Membrane mimetic systems:

• Nanodiscs, lipid cubic phases, or amphipols to stabilize DGAT2 in a native-like environment

• These approaches have proven successful for other challenging membrane proteins

• Could help capture DGAT2 in a functionally relevant state

The identification of regions critical for substrate specificity, such as the transmembrane domains in plant DGAT2 , provides valuable guidance for focusing structural biology efforts on functionally important parts of the protein.

How might advanced genetic approaches enhance understanding of DGAT2 function?
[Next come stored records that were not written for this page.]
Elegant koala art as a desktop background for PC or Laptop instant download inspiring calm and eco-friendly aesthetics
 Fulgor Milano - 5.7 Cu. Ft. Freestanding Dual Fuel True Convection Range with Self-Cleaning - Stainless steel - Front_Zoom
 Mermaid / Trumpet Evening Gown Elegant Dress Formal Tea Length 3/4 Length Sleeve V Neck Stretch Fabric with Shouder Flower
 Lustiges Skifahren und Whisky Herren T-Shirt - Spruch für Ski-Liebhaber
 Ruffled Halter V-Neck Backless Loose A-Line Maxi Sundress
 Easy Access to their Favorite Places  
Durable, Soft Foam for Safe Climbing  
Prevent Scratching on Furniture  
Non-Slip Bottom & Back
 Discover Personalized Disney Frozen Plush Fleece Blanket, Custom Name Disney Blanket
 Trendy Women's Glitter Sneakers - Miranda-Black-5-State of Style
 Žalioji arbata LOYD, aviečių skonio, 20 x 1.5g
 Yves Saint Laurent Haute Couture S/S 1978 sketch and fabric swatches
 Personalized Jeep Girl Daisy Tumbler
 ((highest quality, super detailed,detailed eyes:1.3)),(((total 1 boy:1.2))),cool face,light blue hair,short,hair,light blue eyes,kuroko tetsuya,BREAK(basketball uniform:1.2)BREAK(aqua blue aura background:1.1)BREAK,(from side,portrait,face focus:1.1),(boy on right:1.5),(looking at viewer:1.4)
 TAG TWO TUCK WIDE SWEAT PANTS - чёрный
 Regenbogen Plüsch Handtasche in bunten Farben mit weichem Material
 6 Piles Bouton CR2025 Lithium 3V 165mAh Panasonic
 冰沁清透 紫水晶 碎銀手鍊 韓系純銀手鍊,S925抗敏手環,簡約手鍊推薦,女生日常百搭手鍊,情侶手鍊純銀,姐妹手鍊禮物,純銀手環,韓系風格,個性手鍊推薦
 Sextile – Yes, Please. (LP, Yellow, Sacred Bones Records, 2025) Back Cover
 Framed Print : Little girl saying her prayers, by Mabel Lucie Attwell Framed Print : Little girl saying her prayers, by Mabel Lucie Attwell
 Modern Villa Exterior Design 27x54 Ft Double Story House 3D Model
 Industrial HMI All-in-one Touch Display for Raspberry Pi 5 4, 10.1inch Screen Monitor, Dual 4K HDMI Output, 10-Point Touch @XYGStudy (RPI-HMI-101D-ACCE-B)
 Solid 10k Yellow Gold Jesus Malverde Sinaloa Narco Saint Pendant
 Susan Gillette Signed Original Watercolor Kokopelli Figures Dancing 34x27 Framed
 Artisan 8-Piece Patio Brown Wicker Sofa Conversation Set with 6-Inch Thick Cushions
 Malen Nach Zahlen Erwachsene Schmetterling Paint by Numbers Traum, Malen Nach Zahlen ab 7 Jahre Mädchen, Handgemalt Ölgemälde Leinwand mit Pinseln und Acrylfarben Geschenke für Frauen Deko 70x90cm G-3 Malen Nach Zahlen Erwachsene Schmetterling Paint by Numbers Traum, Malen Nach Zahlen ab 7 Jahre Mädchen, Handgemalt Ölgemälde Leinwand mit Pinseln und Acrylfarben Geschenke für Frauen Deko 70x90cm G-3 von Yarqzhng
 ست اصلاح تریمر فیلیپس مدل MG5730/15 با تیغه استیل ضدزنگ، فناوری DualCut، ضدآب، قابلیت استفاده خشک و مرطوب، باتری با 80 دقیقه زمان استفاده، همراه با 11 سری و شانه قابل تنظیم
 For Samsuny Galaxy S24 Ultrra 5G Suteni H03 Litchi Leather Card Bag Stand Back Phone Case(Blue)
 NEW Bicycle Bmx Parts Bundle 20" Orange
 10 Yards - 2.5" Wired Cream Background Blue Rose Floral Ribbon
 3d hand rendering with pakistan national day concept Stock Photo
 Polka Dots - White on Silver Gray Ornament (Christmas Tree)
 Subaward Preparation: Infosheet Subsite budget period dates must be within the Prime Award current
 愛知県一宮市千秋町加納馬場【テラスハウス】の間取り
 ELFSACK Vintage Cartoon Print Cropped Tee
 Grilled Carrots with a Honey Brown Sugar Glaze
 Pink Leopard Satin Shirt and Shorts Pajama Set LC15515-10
Advanced genetic approaches offer powerful tools for investigating DGAT2 function at multiple levels:

CRISPR/Cas9 genome editing:

• Precise modification of endogenous DGAT2 in Xenopus laevis

• Introduction of specific mutations to test structure-function hypotheses

• Creation of tagged versions for localization and interaction studies

• Generation of conditional knockouts to study developmental roles

High-throughput mutagenesis:

• Deep mutational scanning to comprehensively map functional effects of mutations

• Directed evolution approaches to identify variants with enhanced activity or altered specificity

• Saturation mutagenesis of key regions identified in substrate specificity studies

Synthetic biology approaches:

• Designer DGAT2 variants with novel functions or substrate preferences

• Integration of DGAT2 into synthetic metabolic pathways

• Creation of orthogonal lipid synthesis systems for biotechnological applications

Comparative genomics:

• Analysis of DGAT2 across diverse species to identify conserved functional elements

• Correlation of sequence variations with differences in lipid metabolism across species

• Investigation of co-evolving residues that might indicate functional coupling

Transcriptomics and proteomics:

• Analysis of DGAT2 expression patterns in different tissues and developmental stages

• Identification of co-regulated genes that might function in coordinated pathways

• Characterization of the DGAT2 "interactome" to understand its broader functional context

These approaches could significantly advance our understanding of how DGAT2 functions within the complex landscape of lipid metabolism and potentially reveal new applications in biotechnology and medicine.